---------- Provided records ----------
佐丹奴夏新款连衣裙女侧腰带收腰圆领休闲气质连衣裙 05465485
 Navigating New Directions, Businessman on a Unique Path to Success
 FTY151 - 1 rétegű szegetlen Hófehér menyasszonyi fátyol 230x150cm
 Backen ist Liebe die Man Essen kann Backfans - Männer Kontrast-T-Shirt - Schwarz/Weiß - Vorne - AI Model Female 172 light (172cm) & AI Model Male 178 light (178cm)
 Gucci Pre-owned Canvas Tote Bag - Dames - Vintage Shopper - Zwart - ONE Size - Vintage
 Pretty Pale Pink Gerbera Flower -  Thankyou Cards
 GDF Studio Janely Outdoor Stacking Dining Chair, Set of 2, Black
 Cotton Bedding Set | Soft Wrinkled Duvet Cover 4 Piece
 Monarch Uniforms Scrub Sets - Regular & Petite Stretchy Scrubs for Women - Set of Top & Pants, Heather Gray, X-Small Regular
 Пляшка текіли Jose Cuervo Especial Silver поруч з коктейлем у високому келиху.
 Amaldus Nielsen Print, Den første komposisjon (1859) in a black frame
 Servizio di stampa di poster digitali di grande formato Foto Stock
----------
## Exercise details:
In full and without changes, copy the entries above.

## Reply:
佐丹奴夏新款连衣裙女侧腰带收腰圆领休闲气质连衣裙 05465485
 Navigating New Directions, Businessman on a Unique Path to Success
 FTY151 - 1 rétegű szegetlen Hófehér menyasszonyi fátyol 230x150cm
 Backen ist Liebe die Man Essen kann Backfans - Männer Kontrast-T-Shirt - Schwarz/Weiß - Vorne - AI Model Female 172 light (172cm) & AI Model Male 178 light (178cm)
 Gucci Pre-owned Canvas Tote Bag - Dames - Vintage Shopper - Zwart - ONE Size - Vintage
 Pretty Pale Pink Gerbera Flower -  Thankyou Cards
 GDF Studio Janely Outdoor Stacking Dining Chair, Set of 2, Black
 Cotton Bedding Set | Soft Wrinkled Duvet Cover 4 Piece
 Monarch Uniforms Scrub Sets - Regular & Petite Stretchy Scrubs for Women - Set of Top & Pants, Heather Gray, X-Small Regular
 Пляшка текіли Jose Cuervo Especial Silver поруч з коктейлем у високому келиху.
 Amaldus Nielsen Print, Den første komposisjon (1859) in a black frame
 Servizio di stampa di poster digitali di grande formato Foto Stock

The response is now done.